Love, War – and Gay Marriage

by Charles Winecoff

Late last year, when the gay community was working itself into a frenzy over the passage of Proposition 8 -the measure to amend the California State Constitution to define marriage specifically as a union between one man and one woman – I realized I didn’t trust the community anymore.  And I’m gay. 

The realization didn’t come overnight; it had been forming for some time.  But the Gestapo tactics over Prop 8 – McCarthy-style blacklists, boycotting of otherwise gay-friendly businesses, apologies coerced out of individual supporters who made the “wrong” choice, enforced politically-correct donations to the Human Rights Campaign - clarified it for me.

I hadn’t left the community, it had left me.  When did the gays get so mean, anyway? 

Well, isn’t it “mean” for California voters to deny us our basic civil rights?  I can hear the retort.  And I understand the anger, believe me, to a degree.  Feelings have been hurt.  I also agree that changing any Constitution over this issue is a bad idea.

But don’t you think there has to be a vanguard leading the way to new and better things?  Not if capitulating to an Ozzie and Harriet social custom is the vanguard’s idea of fresh.

I must be immune to gay marriage fever.  Because I can’t help sympathizing with the citizens whose majority vote to defend their long-valued concept of marriage has been stigmatized as bigotry.  The pro-8 voters I’ve talked to are resigned to the likelihood that the screaming minority will ultimately get its way, that gay marriage will come to California.  So the psychological game, at least, is over.

The score: gays, one – black and Latino Obama voters, zero.

Still, why the sudden urgency, the live or die hysteria for gay marriage now - or else!?  Last time I checked, gays and lesbians in California enjoyed more rights than their brothers and sisters in any other state.  And I can’t recall any of my West Hollywood friends ever being dragged out of their homes in the middle of the night by police and never heard from again – or told by their employers they couldn’t get health benefits for their domestic partners.

What exactly is it that the affluent gay community here feels it doesn’t have?  And when did I first start to feel the sad disconnect between myself and LGBT groupthink?

When I came out in 1977, there was no Rosie, Ellen, Lance - or Logo.  Harvey Milk hadn’t been shot yet.  Matthew Shepard was still in diapers.  Our role models were literary pioneers like Tennessee Williams, Quentin Crisp, Gertrude Stein, and Christopher Isherwood.  (We still had attention spans then.)

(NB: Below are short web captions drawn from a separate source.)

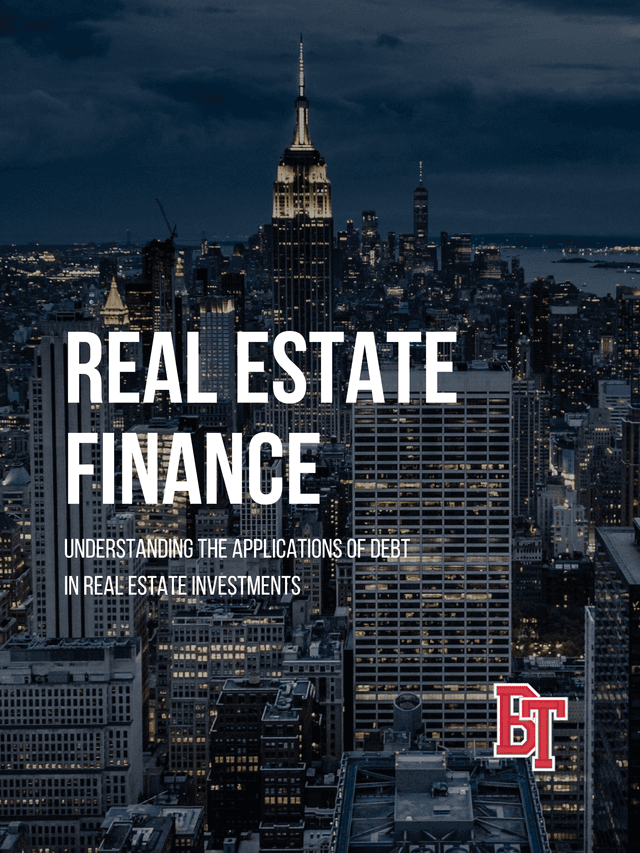 Real Estate Finance textbook cover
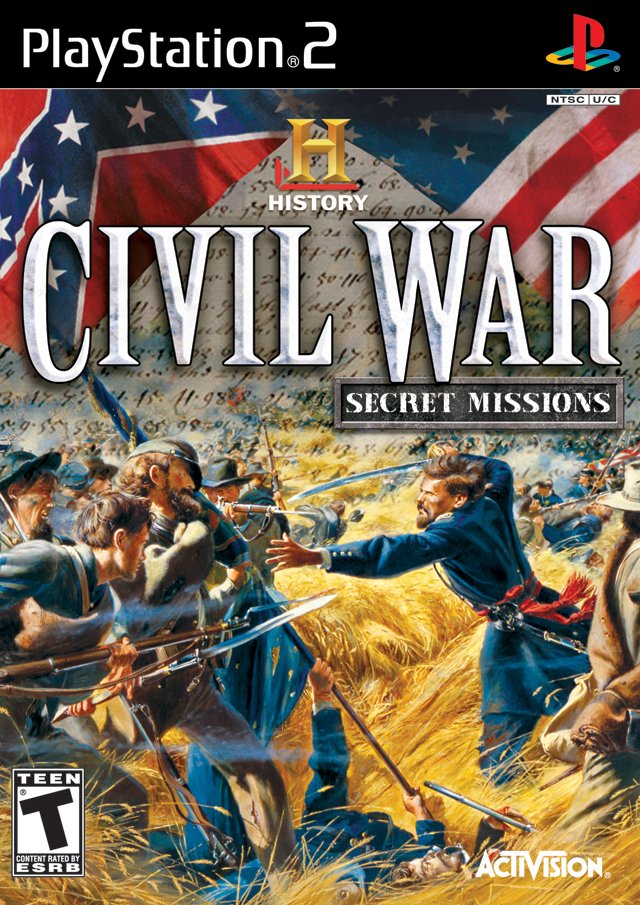 History Civil War: Secret Missions History Civil War: Secret Missions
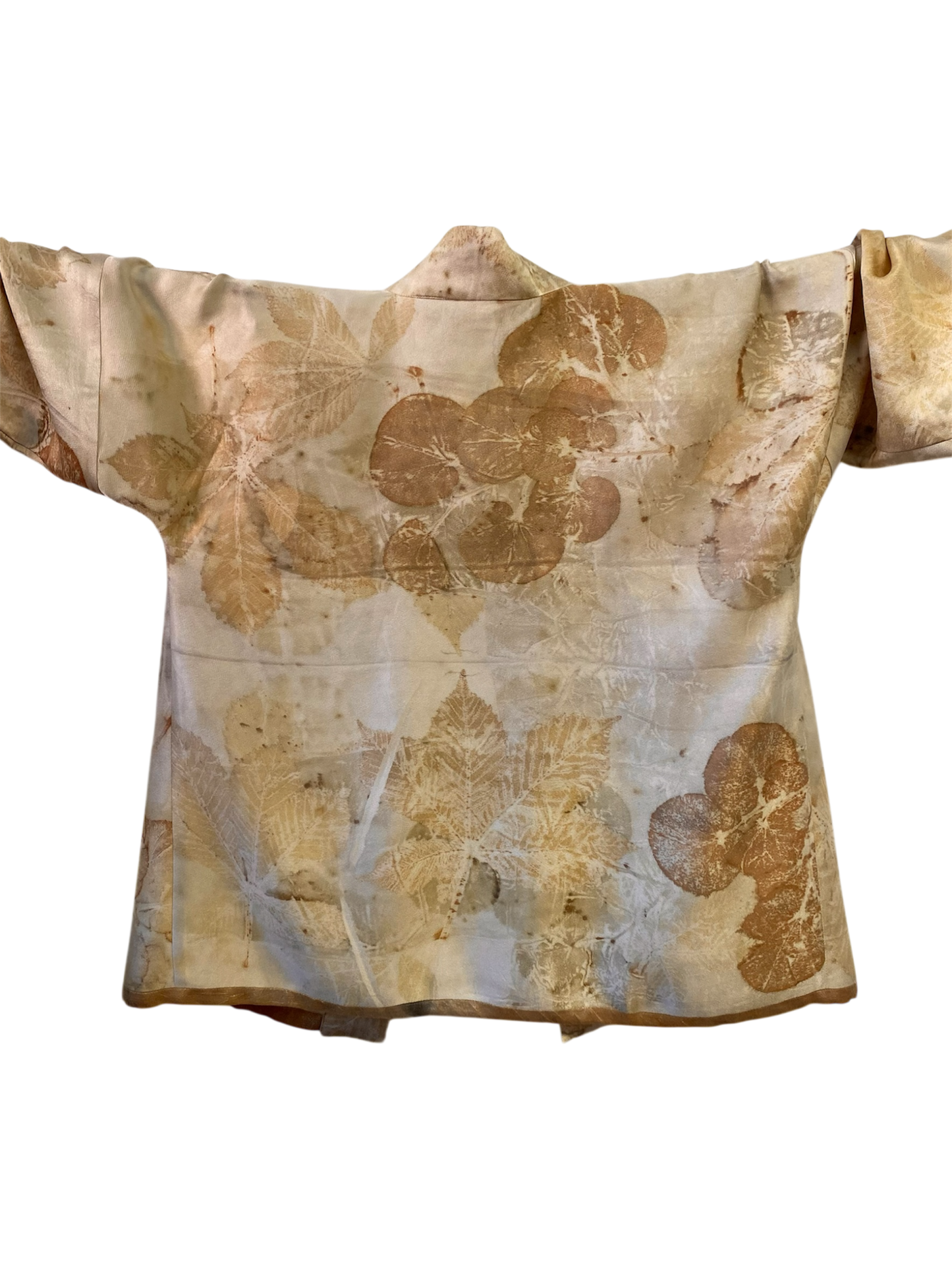 Kimono oro stampa naturale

Beauty queen-turned-orange-juice-hawker Anita Bryant was busy “Saving Our Children” down in Dade County, Florida – overturning a local ordinance to protect gay people from discrimination in housing and employment.  (Her success sparked the Briggs Initiative of 1978 in Orange County, CA, which would have banned gays and lesbians from teaching in California public schools – if folks like Harvey Milk, Ronald Reagan and Gerald Ford hadn’t pitched in to stop it.)

At 17, I got applause when I nervously wore my “Anita Sucks Oranges” T-shirt to school.  Times, they were a-changin’.  Living in New York didn’t hurt.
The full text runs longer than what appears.